- _PROBLEM_: Only the text of the entries below should be returned, exactly as given, without pictures.

(Crawled caption data)
▬▬▬▬▬▬▬▬▬▬
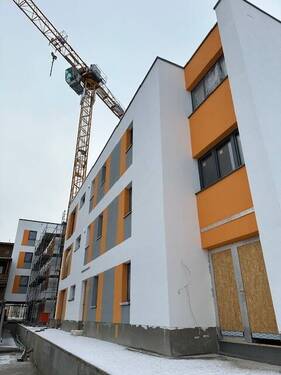 Stralsund Tribseer Damm - 4-Raum Wohnung mit Balkon, 1.Obergeschoss, Erstbezug, mit TG - Stellplatz, Wallbox, provisionsfrei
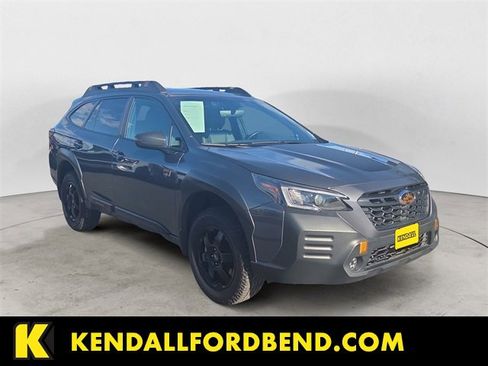 Used 2022 Subaru Outback Wilderness image 4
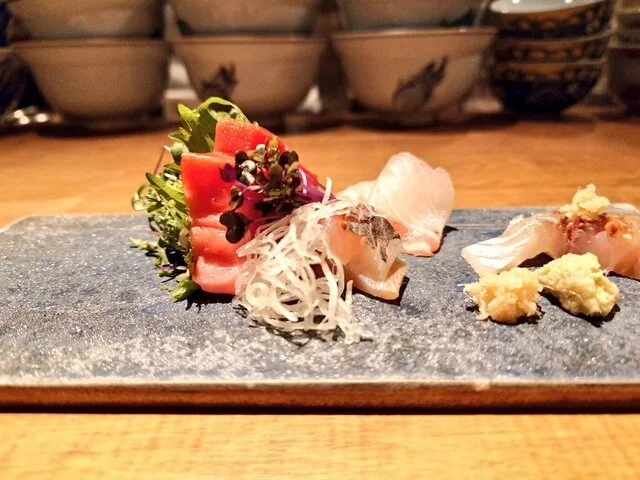 地酒と土鍋飯 さんか - 宮城野通（日本料理）の写真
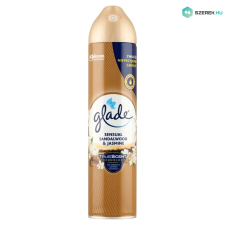S.C. Johnson Kft. Glade légfrissítő 300ml (12db/karton) sensual sandalwood/jasmine tisztító- és takarítószer, higiénia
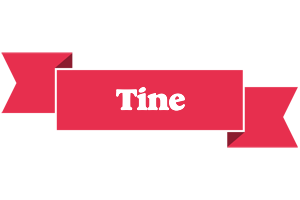 Tine sale logo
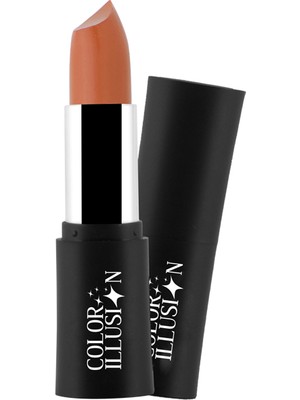 huncalife Color Illusion Parlak Ruj Kiremit Rengi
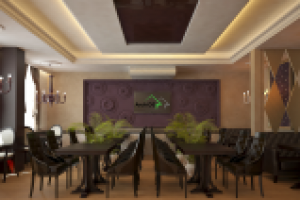 Дизайн кафе "Альбион" г. Тамбов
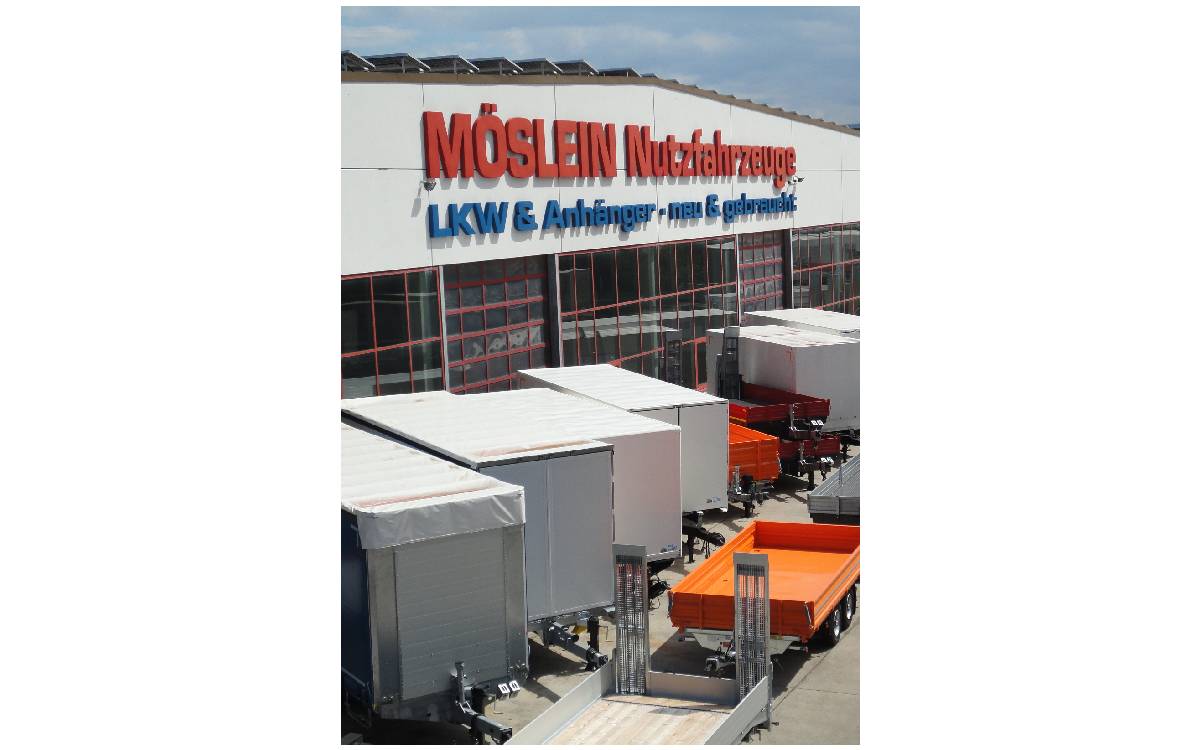 Leo Möslein Logo Jobs on Air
▬▬▬▬▬▬▬▬▬▬
- _FINISHED EXERCISE_:
 Stralsund Tribseer Damm - 4-Raum Wohnung mit Balkon, 1.Obergeschoss, Erstbezug, mit TG - Stellplatz, Wallbox, provisionsfrei
 Used 2022 Subaru Outback Wilderness image 4
 地酒と土鍋飯 さんか - 宮城野通（日本料理）の写真
S.C. Johnson Kft. Glade légfrissítő 300ml (12db/karton) sensual sandalwood/jasmine tisztító- és takarítószer, higiénia
 Tine sale logo
 huncalife Color Illusion Parlak Ruj Kiremit Rengi
 Дизайн кафе "Альбион" г. Тамбов
 Leo Möslein Logo Jobs on Air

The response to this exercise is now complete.